What type of bug is this?

Unexpected error

What subsystems and features are affected?

Continuous aggregate

What happened?

I am trying to call refresh my continuous aggregate via a trigger and get this error
{\"message\":\"ERROR: portal snapshots (0) did not account for all active snapshots (1) (SQLSTATE XX000)\"}

here's my trigger
create trigger refresh_aggregates after update or insert or delete on pl execute function refresh_pl_continuous_aggregates();

and my trigger function
create function refresh_pl_continuous_aggregates() returns trigger as $$ BEGIN CALL refresh_continuous_aggregate('aggregates_by_pl_by_day', '2024-01-01', INTERVAL '2 day'); END; $$ LANGUAGE 'plpgsql';

continuous aggregate
CREATE MATERIALIZED VIEW aggregates_by_pl_by_day WITH (timescaledb.continuous) AS SELECT time_bucket('1 day' , modified_date) as day_bucket, sl.pl_id, resource_type, taxonomy, FROM activities JOIN s_licenses sl ON sl.s_id = activities.s_id GROUP BY 1, sl.pl_id, resource_type, taxonomy;

TimescaleDB version affected

2.13.0

PostgreSQL version used

15.5

What operating system did you use?

Ubuntu 15.5-1.pgdg22.04+1 on x86_64-pc-linux-gnu

What installation method did you use?

Not applicable

What platform did you run on?

Timescale Cloud

Relevant log output and stack trace

{\"message\":\"ERROR: portal snapshots (0) did not account for all active snapshots (1) (SQLSTATE XX000)\"}

How can we reproduce the bug?

1. Create an "after" trigger that manually refreshes a continuous aggregate using `refresh_continuous_aggregate`
2. Set off the trigger.
3. Notice that the continuous aggregate doesn't refresh and instead the error is produced.

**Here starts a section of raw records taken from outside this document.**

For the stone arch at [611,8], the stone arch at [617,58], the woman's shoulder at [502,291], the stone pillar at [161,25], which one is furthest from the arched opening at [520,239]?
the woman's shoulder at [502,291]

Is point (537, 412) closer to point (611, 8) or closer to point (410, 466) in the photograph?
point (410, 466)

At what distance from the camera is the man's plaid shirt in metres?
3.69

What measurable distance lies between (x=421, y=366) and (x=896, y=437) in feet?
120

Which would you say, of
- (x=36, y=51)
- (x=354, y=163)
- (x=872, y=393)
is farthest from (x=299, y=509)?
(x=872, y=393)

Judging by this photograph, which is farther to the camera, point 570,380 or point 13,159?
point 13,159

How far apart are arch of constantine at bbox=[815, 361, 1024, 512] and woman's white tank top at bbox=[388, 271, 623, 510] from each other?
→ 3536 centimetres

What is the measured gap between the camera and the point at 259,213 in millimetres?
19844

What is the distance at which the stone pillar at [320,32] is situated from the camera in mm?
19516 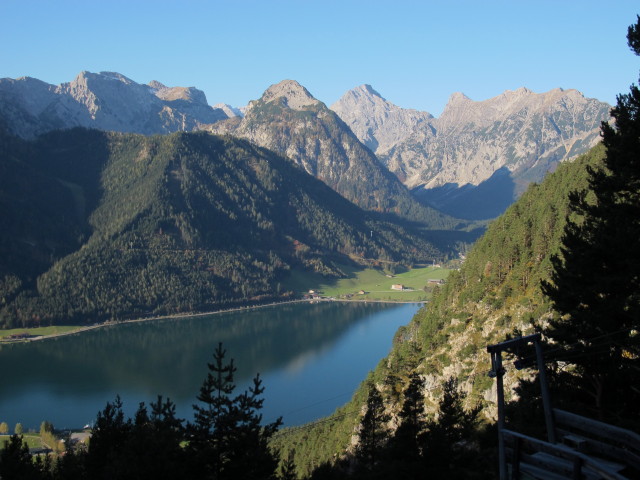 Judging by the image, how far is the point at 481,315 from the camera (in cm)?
5828

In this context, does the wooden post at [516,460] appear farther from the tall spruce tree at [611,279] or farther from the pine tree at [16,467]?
the pine tree at [16,467]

The text was updated successfully, but these errors were encountered:

konskov · 2024-01-17T12:55:53Z

Hello @choec0130 , thank you for reaching out.
Sharing a minimal example to reproduce, will look further into the issue.

CREATE TABLE metrics (
    time timestamptz NOT NULL,
    device_id int,
    device_id_peer int,
    v0 int,
    v1 int,
    v2 float,
    v3 float
);

SELECT create_hypertable('metrics', 'time');

INSERT INTO metrics (time, device_id, device_id_peer, v0, v1, v2, v3)
SELECT time,
    device_id,
    0,
    device_id + 1,
    device_id + 2,
    0.5,
    NULL
FROM generate_series('2024-01-01 0:00:00+0'::timestamptz, '2000-01-04 23:55:00+0', '20m') gtime (time),
    generate_series(1, 2, 1) gdevice (device_id);

CREATE MATERIALIZED VIEW metrics_cagg WITH (timescaledb.continuous,
  timescaledb.materialized_only = true)
AS
SELECT time_bucket('1 day', time) as dayb, device_id,
       sum(v0), avg(v3)
FROM metrics
GROUP BY 1, 2
WITH NO DATA;

CREATE FUNCTION refresh_pl_continuous_aggregates() RETURNS TRIGGER AS $$ BEGIN CALL refresh_continuous_aggregate(
    'metrics_cagg',
    '2024-01-01',
    INTERVAL '2 day'
);
END;
$$ LANGUAGE 'plpgsql';

CREATE TRIGGER refresh_aggregates AFTER UPDATE OR INSERT OR DELETE ON metrics
EXECUTE FUNCTION refresh_pl_continuous_aggregates();

As a side note, you can use realtime aggregation in your caggs (by specifying materialized_only = false) and adjust the schedule interval of a refresh policy to run as frequently as you need, in order to get up-to-date values when querying your continuous aggregate, instead of using a trigger like this.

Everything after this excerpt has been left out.